┌──

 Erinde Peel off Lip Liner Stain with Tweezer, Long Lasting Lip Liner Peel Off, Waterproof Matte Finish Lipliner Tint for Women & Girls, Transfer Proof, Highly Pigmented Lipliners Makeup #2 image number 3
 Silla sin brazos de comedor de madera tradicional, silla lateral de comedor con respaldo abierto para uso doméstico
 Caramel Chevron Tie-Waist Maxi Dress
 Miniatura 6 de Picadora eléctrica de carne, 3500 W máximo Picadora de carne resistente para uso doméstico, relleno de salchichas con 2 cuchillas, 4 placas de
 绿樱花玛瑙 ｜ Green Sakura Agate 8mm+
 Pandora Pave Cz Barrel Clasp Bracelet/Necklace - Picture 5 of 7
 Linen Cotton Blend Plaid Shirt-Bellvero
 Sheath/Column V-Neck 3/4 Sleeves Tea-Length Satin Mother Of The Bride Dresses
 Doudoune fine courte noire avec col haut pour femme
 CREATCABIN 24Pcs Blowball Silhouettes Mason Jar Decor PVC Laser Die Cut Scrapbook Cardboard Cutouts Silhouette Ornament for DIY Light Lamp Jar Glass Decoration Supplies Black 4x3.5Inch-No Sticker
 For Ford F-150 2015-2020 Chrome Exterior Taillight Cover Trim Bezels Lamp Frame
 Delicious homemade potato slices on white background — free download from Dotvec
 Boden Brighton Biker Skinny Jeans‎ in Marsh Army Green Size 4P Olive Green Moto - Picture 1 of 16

└──

Quote exactly the first line of the entries and every line after it, stopping with the line that contains "Doudoune fine courte".

 Erinde Peel off Lip Liner Stain with Tweezer, Long Lasting Lip Liner Peel Off, Waterproof Matte Finish Lipliner Tint for Women & Girls, Transfer Proof, Highly Pigmented Lipliners Makeup #2 image number 3
 Silla sin brazos de comedor de madera tradicional, silla lateral de comedor con respaldo abierto para uso doméstico
 Caramel Chevron Tie-Waist Maxi Dress
 Miniatura 6 de Picadora eléctrica de carne, 3500 W máximo Picadora de carne resistente para uso doméstico, relleno de salchichas con 2 cuchillas, 4 placas de
 绿樱花玛瑙 ｜ Green Sakura Agate 8mm+
 Pandora Pave Cz Barrel Clasp Bracelet/Necklace - Picture 5 of 7
 Linen Cotton Blend Plaid Shirt-Bellvero
 Sheath/Column V-Neck 3/4 Sleeves Tea-Length Satin Mother Of The Bride Dresses
 Doudoune fine courte noire avec col haut pour femme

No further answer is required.